A Language Older Than Words - Derrick Jensen [91]
I'm not suggesting my father is the culture. He clearly is not. He is one sad, pathetic, fearful, controlling, violent person. He was merely my own personal catalyst for the life of activism I've chosen. But he is not alone.
I open my window, and the sounds of bulldozers treble in volume. I think about the coyote tree, dying steelhead, being reasonable, and what it will take for us to survive. I don't know how much longer I can take this sound, nor especially the knowledge of what it means, but I don't know where to go.
Last spring, at the workshop where I first read the opening pages of this book, and where a woman later approached to wish me healing, we all performed an exercise entitled "Peacemaking and Voluntary Simplicity." We sat in a large circle, candles burning in the center of the room, each person speaking in turn as a "talking stick"—a piece of wood with a feather on one end dangling from a leather thong—was passed hand to hand. As the stick made its way around, I considered what I was going to do or say. My first inclination was to not touch the stick: the person in charge of the exercise was not traditional Indian, and had the night before shown herself willing to exploit indigenous traditions. My second inclination was to simply tell the truth, that I was uncomfortable with our unauthorized use of a symbol belonging to a tradition that has explicitly declared itself off-limits to us.

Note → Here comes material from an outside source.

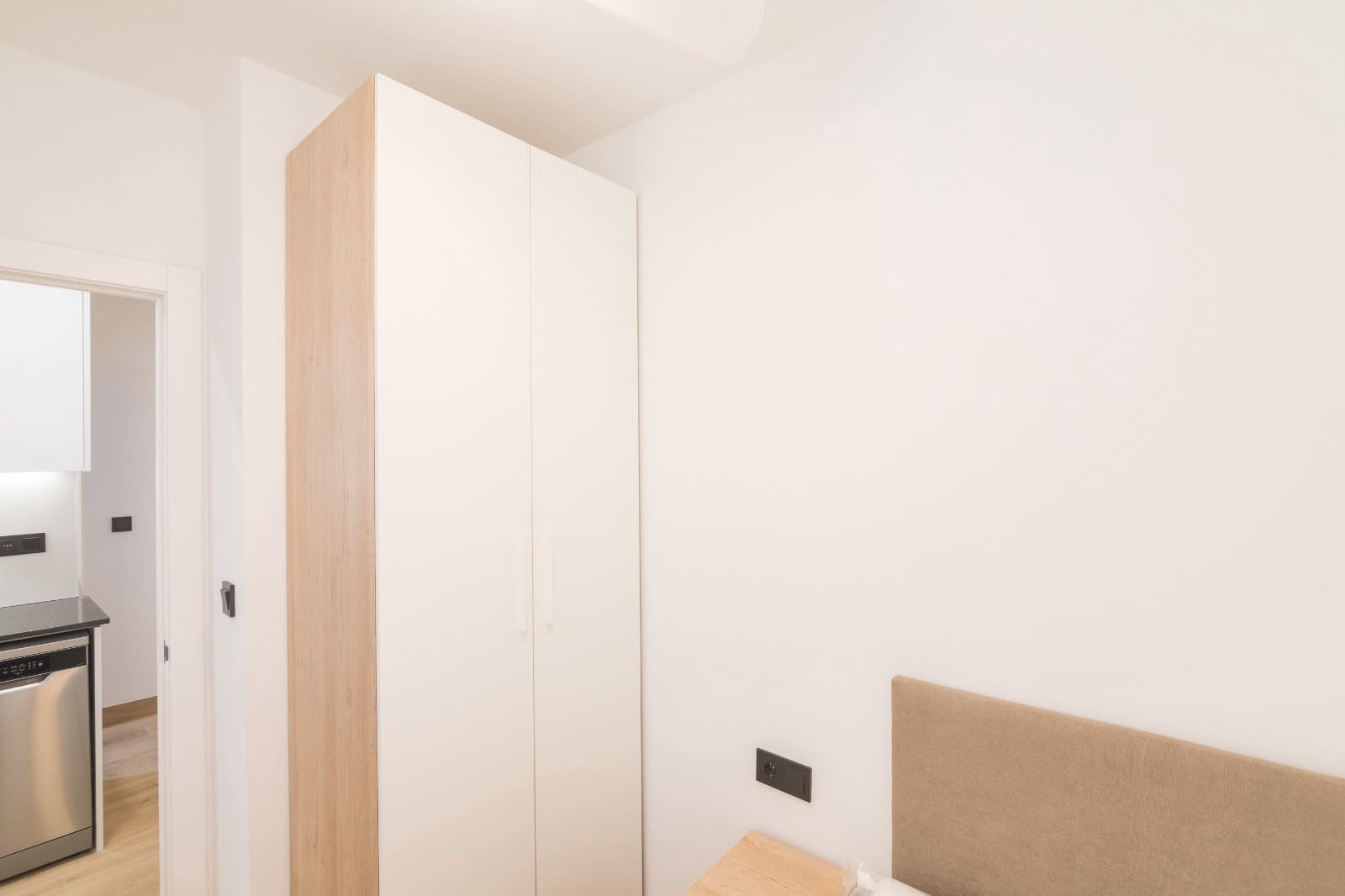 2 sypialnia Mieszkanie na sprzedaż w Elche / Elx - 175 000 € (Ref: 9709113)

As the stick came closer, I found myself increasingly agitated, at least as much by what was being said as by the cultural appropriation. Person after person stepped close to the edge of outrage, then stopped to turn their anger and shame regarding our culture on themselves: "Sometimes I find myself getting angry at the heads of corporations or at politicians who design and implement murderous policies. But then I always have to realize that I am part of the problem, because I, too, drive a car. I realize that most of all I need to have compassion for politicians. They must suffer, simply being who they are."
What about compassion for the murdered? The comments around the circle took me back a few years to a panel discussion I heard at an environmental law conference. The panelists were Buddhists, addressing much the same topic, and saying much the same thing. There was talk of compassion for wounded wretches who wound us all, of taking pleasure in the dailiness of our lives, of living simply, but not much talk about how to slow or stop the destruction. Afterwards, a woman from the audience stood to ask her question: "Everything you say makes perfect sense, but what do you do if you are standing in front of someone who is aiming a machine gun at a group of children, or is holding a chainsaw in front of a tree?"
This is the point at which virtually all of our environmental philosophizing falls apart. It is the central question of our time: what are sane and appropriate responses to insanely destructive behavior? In many ways it is the only question of our time. Future generations will judge us according to our answers. So often, environmentalists and others working to slow the destruction are capable of plainly describing the problems (Who wouldn't be? The problems are neither subtle nor cognitively challenging), yet when faced with the emotionally daunting task of fashioning a response to these clear and clearly insoluble problems, we generally suffer a failure of nerve and imagination. Gandhi wrote a letter to Hitler asking him to stop committing atrocities, and was mystified that it didn't work. I continue to write letters to the editor pointing out untruths, and continue to be surprised each time the newspaper publishes its next absurdity. At least I've stopped writing to politicians.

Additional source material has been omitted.